DUP leader strikes back on Lee’s recent spate of vitriol
With Han’s counterattack, tensions between the largest opposition party and the Lee administration escalated further over some sensitive issues, including the Korea-U.S. free trade agreement ahead of the April 11 general elections.
During his live press conference on Wednesday, Lee doled out unusually sharp criticism toward the opposition leaders, including Han, for their inconsistencies on key policies. Lee called them out by name and used their past remarks to attack them.
Han launched a counterattack yesterday during a live TV debate hosted by the Korea Broadcasting Journalists Club. Han first stressed that the largest opposition party does not approve the Korea-U.S. free trade agreement, which will take effect on March 15, because the Lee government’s renegotiation has damaged the balance of the accord. She then attacked Lee for failing to keep his political neutrality in a sensitive time before the elections.
“There has never been a time when the president of our country called the opposition party leader and former administration officials by name and bombarded them with criticism during a press conference,” Han said. “I think he went too far if it were an election strategy.”

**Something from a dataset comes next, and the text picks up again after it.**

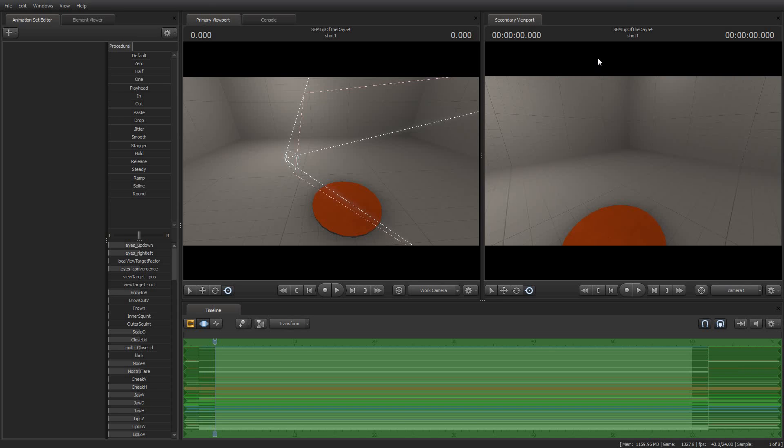Greetings, my friends. Jimmer Lins here with your Source Filmmaker Tip of the Day. Today is Tip of the Day number 54.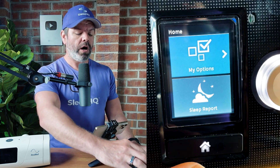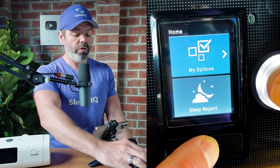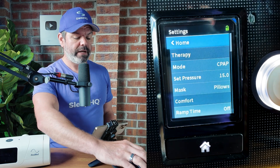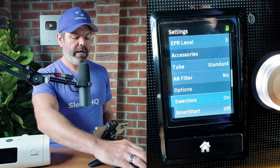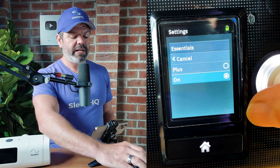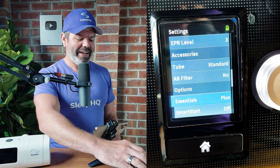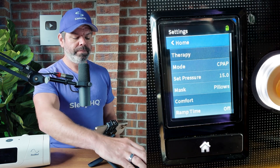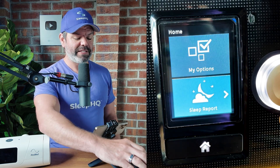To do this, go to My Options, then click and hold down the click wheel plus the home button at the bottom simultaneously. Hold them down — that enables the clinician menu. Then click Settings, rotate the dial down to Essentials. You can see it says 'Essentials On'. Click the click wheel and change that to Plus. Then rotate the dial back up to Home and exit the clinical menu.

She said there were only about 50 days left before the elections, but the president, who must remain the most neutral before the elections, failed to do so by defending the ruling party’s policies while criticizing the opposition party’s policies.
“And calling us by name is a political intervention in the elections,” she said. “It is unacceptable. He must explain this.”
Han also said Lee himself had “flip-flopped” many times on his key pledges, such as the new airport construction project and Sejong City. “And yet, he focused on inconsistencies of others and made an election strategy to launch a character attack,” Han said. “That is wrong. I think he doesn’t have class.”
During the debate, Han said the DUP wants to win the majority in the National Assembly, but the prospect is difficult. Because the Saenuri Party has strong influences in Busan and South Gyeongsang, Han said the liberals will fight hard in the region, adding that “I think there is a high possibility for a victory of Moon Jae-in, head of the Roh Moo-hyun foundation.” Moon has registered his candidacy in Sasang District in Busan.
Han also criticized the Saenuri Party’s interim head Park Geun-hye.
“She aided and abetted the Lee administration’s total failure,” Han said. “She should be held jointly accountable for sitting in the passenger seat next to the driver.”
Asked about the prospect of an alliance with other liberal groups including the Unified Progressive Party, Han said the liberals all share the same sense of crisis that they must unite to win.
“This is not an easy election,” she said. “So we will try to come up with a good outcome by joining efforts together.”
Han also dismissed speculations that technocrats-turned-lawmakers inside the DUP who were considered moderates would not be given a nomination, stressing that the nomination process will be fair and transparent. She also stressed that the party will keep its promise to provide 15 percent of their nominations to female candidates as part of the reform.
Han also said the DUP wants to improve inter-Korean relations when it wins a majority in the National Assembly, adding that it had failed to do so with its current 88 seats in the 299-member legislature.